UserOnline

, 5 Guests,

Archives

Print This Post Print This Post

Building Proxmox 4.3 2 Node Cluster Part 2

The more I use Proxmox the more I like it.  I upgraded to 4.4 yesterday and I really like the at a glance data center interface, but I will go into that later.  I am now up to 5 VMs running on the servers and they are all on NAS shared storage.  I have also written a few script that help me monitor the cluster and VMs using Nagios.

I am now up to 7 VMs but had something weird happen.  The night after I upgraded the servers one of the boxes just shut off.  There was an mc error that showed in the log files but I didn’t have mclog installed so I could get the exact problem that happened.  None the less there was several new packages that showed up that day in the Proxmox repo and I upgraded to them.  I have not had a problem since.  The upgrade process was pretty straight forward.  You can power down your VMs but I migrated the VMs to the other node during the upgrade.  Below are the upgrade steps I took in order from a root terminal:

  1.  apt-get update
  2.  pveupdate
  3.  apt-get upgrade
  4.  pveupgrade
  5.  pveversion -v      Just to see if your packages upgraded.

This took about 20 minutes for both systems.  I forgot the pveupgrade on one of the systems and was wondering why some of the packages didn’t upgrade, so don’t forget to run it.  It will save time trouble shooting a problem you caused.

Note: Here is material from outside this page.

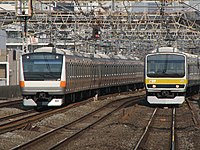 JR東日本E233系通勤タイプ（左）とE231系通勤タイプ（右）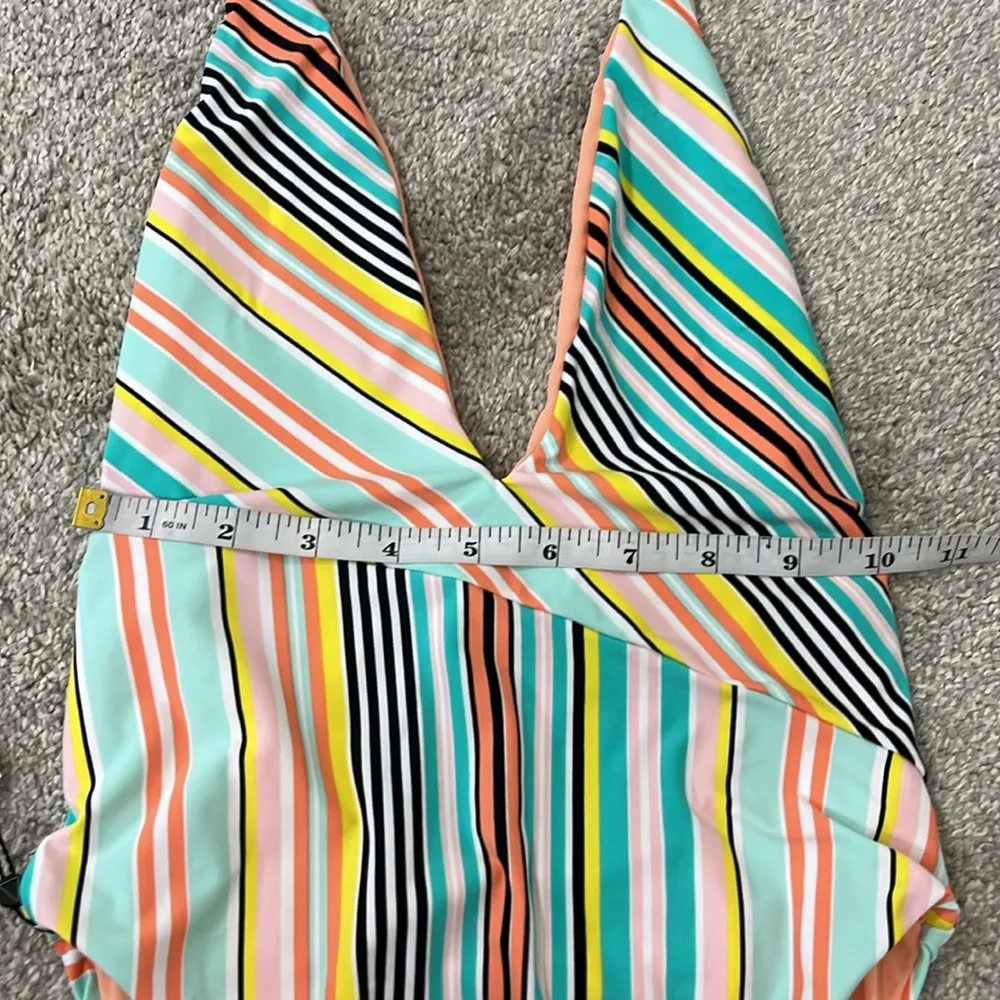 New Bikini Lab Small Blue, Orange Asymmetrical Plunge Halter One Piece Swim Suit - Image 9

The Nagios scripts I put together were pretty basic bash scripts that run a command and use if statements to compare the output.  Then they exit with a code 0,1,2, or 3.  I didn’t want to put NRPE on my servers so I used ssh to run the checks on the servers.  So I setup a one way password less ssh check.  This is easy to do and as long as you setup the user to sudo run these commands it is relatively secure..   Below are the steps to setup the checks.

  1.  Create a user on the servers named nagios
  2.  Create an .ssh directory in the nagios user on Proxmox using mkdir -p .ssh
  3. On the Proxmox servers run ssh-keygen -t rsa as nagios  and save the output in the .ssh directory
  4. Log into the Nagios machine and copy the ssh key from the .ssh/id_rsa.pub file in the nagios user directory
  5. Create an authorized_keys file on the Proxmox server in the /home/nagios/.ssh/ and copy the key from the Nagios server into it.
  6. You should now be able to ssh to the Proxmox server from the Nagios server without a password using the nagios user.

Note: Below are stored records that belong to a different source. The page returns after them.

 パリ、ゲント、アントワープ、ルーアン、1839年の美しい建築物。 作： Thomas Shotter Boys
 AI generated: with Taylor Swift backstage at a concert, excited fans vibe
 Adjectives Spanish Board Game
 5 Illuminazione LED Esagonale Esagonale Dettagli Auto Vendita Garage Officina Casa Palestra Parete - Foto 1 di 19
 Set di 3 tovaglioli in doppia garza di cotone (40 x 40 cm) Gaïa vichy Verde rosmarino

There are two caveats.  One I used putty from a Windows machine while doing this so cut and paste was simple.  Two it also assumes that you already have ssh setup for the nagios user on the Nagios server.  If not you will have to run steps 2 and 3 on the Nagios server as well.  If this is clear as mud you can go to this website for more help.  http://www.linuxproblem.org/art_9.html 

Once this was done I created 6 scripts to check different things on the server.  The standard cpu load, running processes, number of running VMs, drive space, NAS mount, etc.  They are not perfect and will be revised as I find problems but for the most part they work and are not to bad for about 2 hours putting them together.  I will post these files at the end of the post.  They are copied to the nagios user home directory on each Proxmox server.

I then setup I the commands in the Nagios commands.cfg and the checks in my Linux.cfg for my Linux servers.  This part can be tricky and time consuming if you have problems.  Just remember nagios -v /usr/local/nagios/etc/nagios.cfg is your friend for checking if Nagios will work after the changes.  It will also tell you where the problem is.  When there are errors Nagios will not start.  The location of the config file will vary based on your install. 

Once I had this all up and running I decided to build another machine to setup a full HA cluster.  I had another system that was used as a game server and really was not used very much.  It was an HP 8200 Ultra Elite slim desktop.  It has an i7 cpu and 16 gig of memory.  The only down fall with this one is that it doesn’t have any USB 3 ports.  I still needed to use a USB NIC for the second connection, so I swapped the on board NIC for storage and the USB NIC for normal traffic.  The only time I noticed any difference was during VM builds.  Using the USB NIC for storage took longer to install so that was my primary reason to swap them.  Also once I got the machine up and working I couldn’t get the VMs to turn on or migrate to this machine.  Well it turned I didn’t enable support for virtualization in the BIOs.  It took me about a half of hour of trouble shooting before I found it, so don’t be a bone head like me and configure your systems correctly.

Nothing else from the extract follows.